- **TASK BRIEF**: Where an image appears in the data, omit it and reproduce the rest exactly.

━━━━━ SUPPLIED INFORMATION ━━━━━

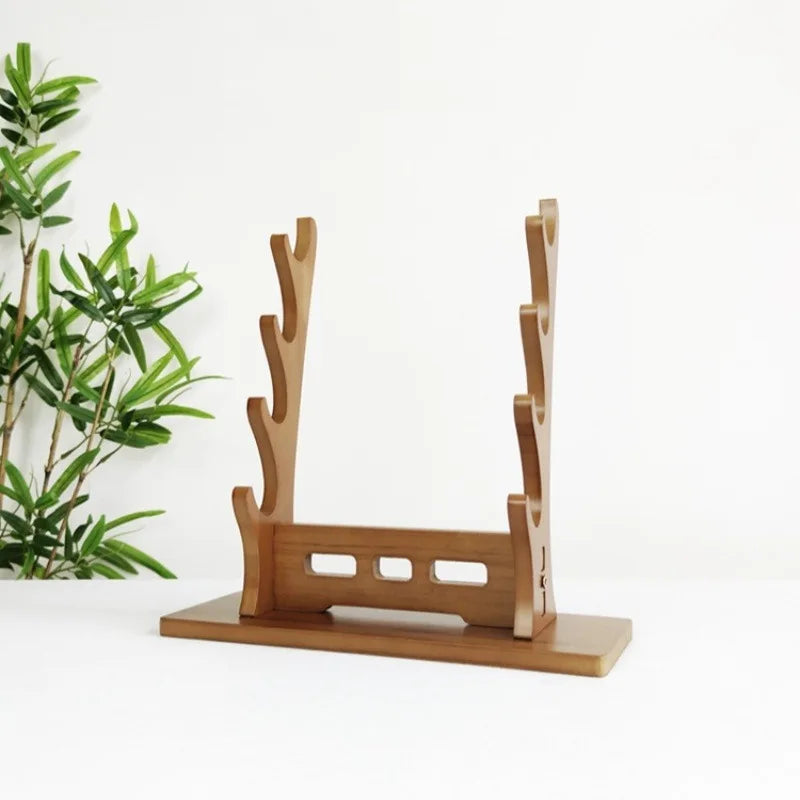 support épées bois moderne minimaliste noir brun clair katana sabres rack display salon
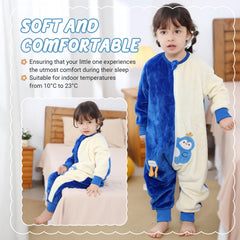 MICHLEY sleeping bag blue penguin leg openings showing easy movement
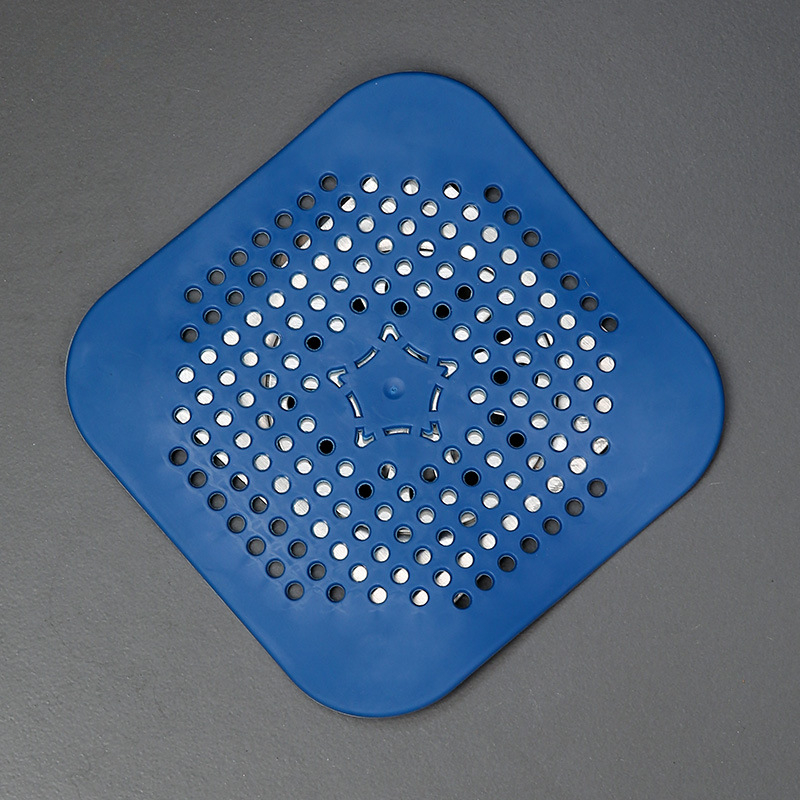 Colector de pelo para drenaje de suelo, tapón desodorante antibloqueo para ducha, almohadilla de silicona, filtro de tapón para fregadero, colador de alcantarillado, suministros de baño: Azul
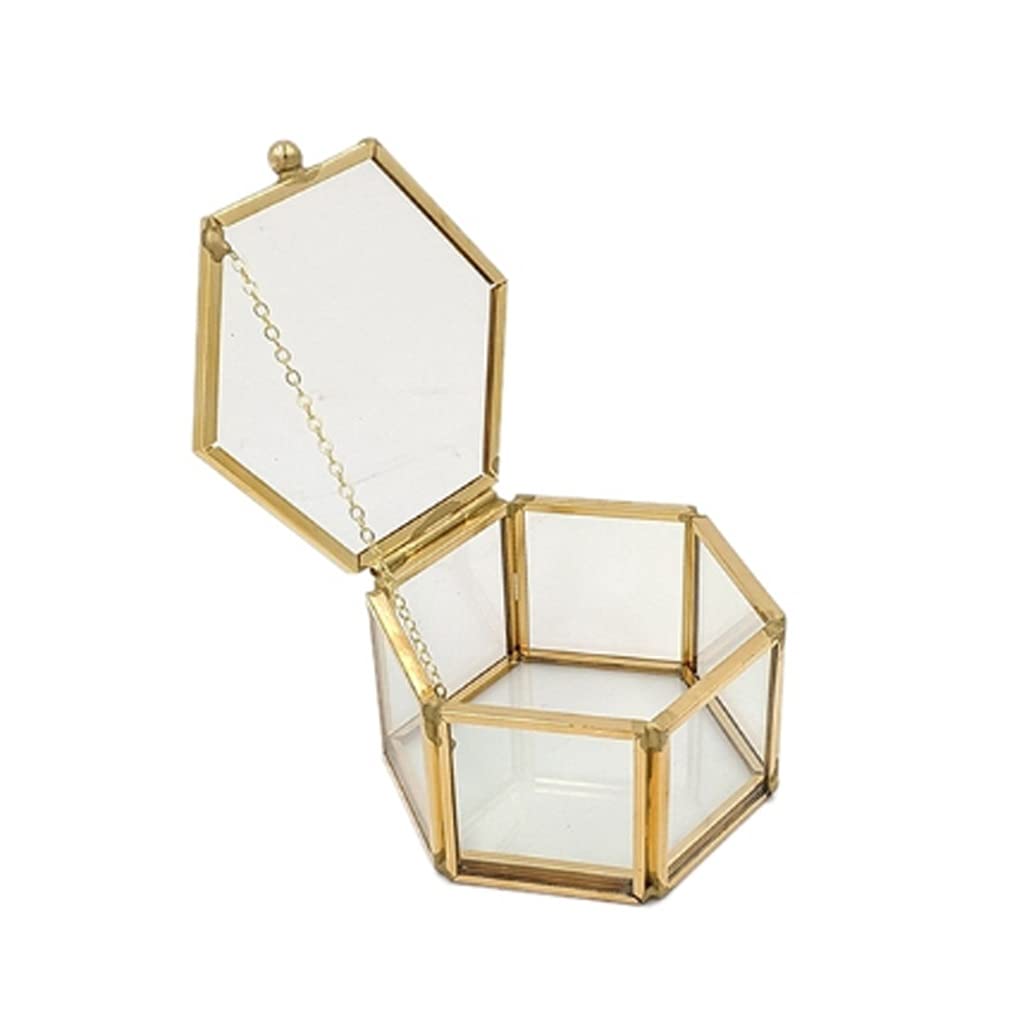 Hexagonal Glass Jewelry Box - Clear Geometric Storage Box for Rings, Earrings & Necklaces - Perfect for Vanity, Dresser & Gift Packaging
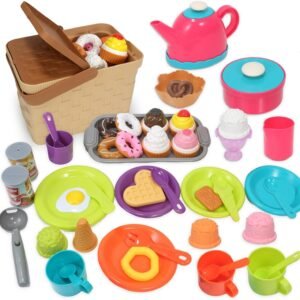Picnic Basket Toys Play Tea Sets with Teapot Tea Cup Dessert Food,Ice Cream Playset, Pretend Play Kitchen Accessories Tea Party Set for Toddlers Kids Little Girl Boy Age 3-7 Years Old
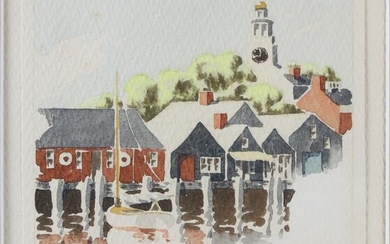 Doris and Richard Beer Miniature Nantucket Watercolor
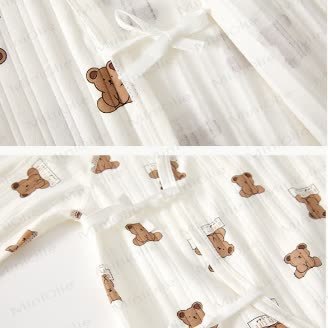  ベビー新生儿ベア/ハート着物ロンパー - image 3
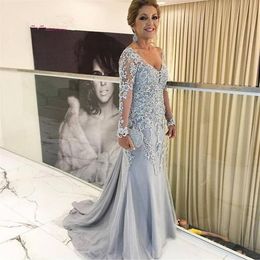 Silver Mother Of The Bride Dresses V Neck Long Sleeves Lace Appliques Mermaid Evening Prom Dress Wedding Party Guest Gowns312B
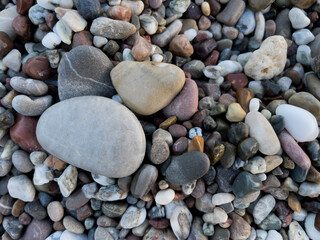 Turkish sea pebbles close-up. The seashore. Vacation vacation travel.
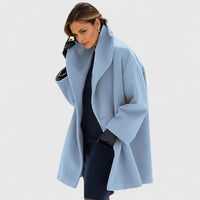 Susanne | Damen Eleganter Reverskragen Herbstmantel – Blau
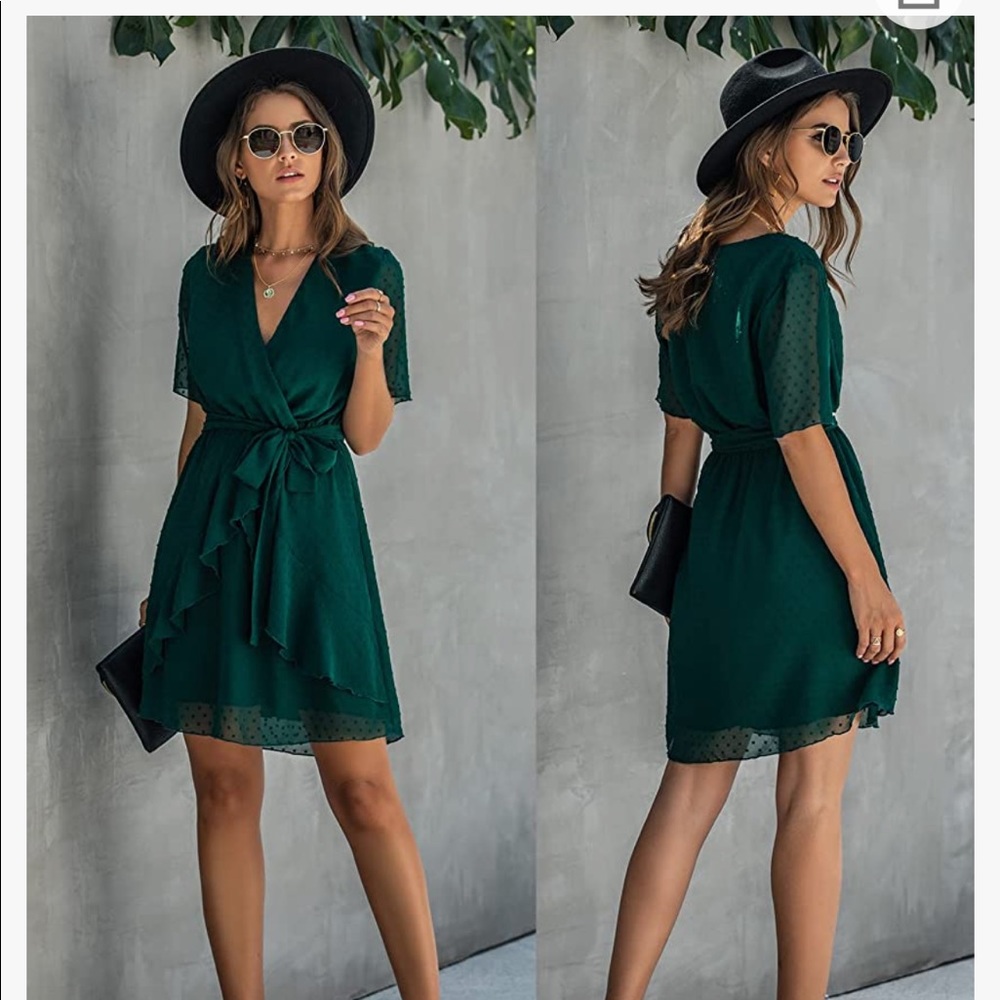 BTFBM womens petite a line soft short dress faux wrap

━━━━━

- **SOLUTION BELOW**:
 support épées bois moderne minimaliste noir brun clair katana sabres rack display salon
 MICHLEY sleeping bag blue penguin leg openings showing easy movement
 Colector de pelo para drenaje de suelo, tapón desodorante antibloqueo para ducha, almohadilla de silicona, filtro de tapón para fregadero, colador de alcantarillado, suministros de baño: Azul
 Hexagonal Glass Jewelry Box - Clear Geometric Storage Box for Rings, Earrings & Necklaces - Perfect for Vanity, Dresser & Gift Packaging
Picnic Basket Toys Play Tea Sets with Teapot Tea Cup Dessert Food,Ice Cream Playset, Pretend Play Kitchen Accessories Tea Party Set for Toddlers Kids Little Girl Boy Age 3-7 Years Old
 Doris and Richard Beer Miniature Nantucket Watercolor
  ベビー新生儿ベア/ハート着物ロンパー - image 3
 Silver Mother Of The Bride Dresses V Neck Long Sleeves Lace Appliques Mermaid Evening Prom Dress Wedding Party Guest Gowns312B
 Turkish sea pebbles close-up. The seashore. Vacation vacation travel.
 Susanne | Damen Eleganter Reverskragen Herbstmantel – Blau
 BTFBM womens petite a line soft short dress faux wrap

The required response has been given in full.